Duvarlar, hiç resim olmadan, odalar içlerinde hiç eşya olmadan bir yaşamı anlatabiliyorlarmış. Yıllar önce 19 yaşındayken ölmüş bir insan, kendisinden yıllar sonra doğmuş, bugün 53 yaşında, yaşamım iyi geçti ama bir sürü zorluk da atlattım, savaş verdim bu noktaya gelebilmek için diyen birine, savaş dediği olayların aslında hiçbir şey olduğunu öğretebiliyormuş.
Duvarlara dokundum Anne Frank’ın evinde, bir zamanlar orada yaşayanların dokunduğu duvarlara. Pencerelerdeki siyah bantlardan dışarıyı görmeye çalıştım, loş ışıkta sadece kendi yansımamdan başka bir şey görmeyi beceremeden. Anne babasıyla neler konuşurdu, neler isterdi, diye düşündüm; böyle bir durumda ben ne yapardım diye nafile düşünerek. Koşamazdı bile, saklandıkları evin hemen yanındaki imalathanede çalışan almanlar ayak seslerini duyarlardı. İki sene süreyle kısık sesle konuşmak, parmak uçlarında yürümek, hatta gerekmedikçe konuşmamak, yürümemek... Oyunlarını sadece hayallerinde oynamak. Hayallerini uyaracak tek şeyin beyni olması. Kendisinden alınan bir yaşamı, neden alındığını, neler olduğunu anlamadan kabullenmek zorunda kalmak...

Yıllardır yapmaktan çekindiğim şeyi yaptım; çıkışta Anne Frank’ın kitabımı aldım. Rastgele bölümler açıp okumaya başladım.3 kasım 1943 tarihinde, “Evdeki büyükler kimi zaman iki yıldır kapalı duran koyu perdelerin arasından dışarıyı gözetlemekten kendilerini alamıyorlar. Sonuç: biri, fırtına yaklaşıyor, diyor. Diğeri, ne fark eder, ne önemi var ki? diye yanıtlıyor. Kimse önemsemeyecek, kimse fark etmeyecek, kimse duymayacak. İlgisizlik böyle başlıyor işte... Söylemesi kolay, ama böyle mi olmalı?” diye yazmış.

Evin çıkışında Anne Frank’ın yaşamından resimler vardı, 26 adet resim.

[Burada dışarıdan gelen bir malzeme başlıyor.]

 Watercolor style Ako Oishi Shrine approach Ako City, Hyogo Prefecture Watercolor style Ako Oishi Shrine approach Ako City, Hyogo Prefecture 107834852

Hemen hepsinde gülüyordu, hemen hepsinde umut vardı, hepsinde mutlu bir çocuk vardı. Evin değişik yerlerinde güncesinden alınan kimi tümceler de umut doluydu, kimileriyse anlamazlık kelimeriyle... Bir resimde Anne okuldaki arkadaşlarıylaydı, bir diğerinde ailesiyle bir düğüne gidiyorlardı. Birinde elinde balon vardı, bir başkasında bir parkta oynuyordu. Ablasıya verdiği pozlar vardı, annesiyle, kardeşleriyle çekilmiş resimleri vardı.Bir deli tarafından yok edilmiş, 26 fotoğrafta özetlenen kısa bir yaşam. Ve resimlerin yanındaki duvarda bir not: Anne Frank 1945’de, Bergen-Belsen toplama kampında olasılıkla Şubat sonu Mart başında tifodan öldü. Mezarının yeri bilinmiyor.

Dışarı çıktığımda yüremiyordum. Birkaç adım attım, sonra oradan uzaklaşmak istemediğimi fark ettim, geri döndüm, eve dışarıdan baktım. Her ev gibi içinde yaşananları dışarı vurmayan bir evdi. Sadece artık Anne Frank’ın orada yaşamış olduğunu biliyorum, dedim kendime. Sonra da hemen düzelttim kendimi, yaşamış olduğunu değil, yaşamakta olduğunu, diye.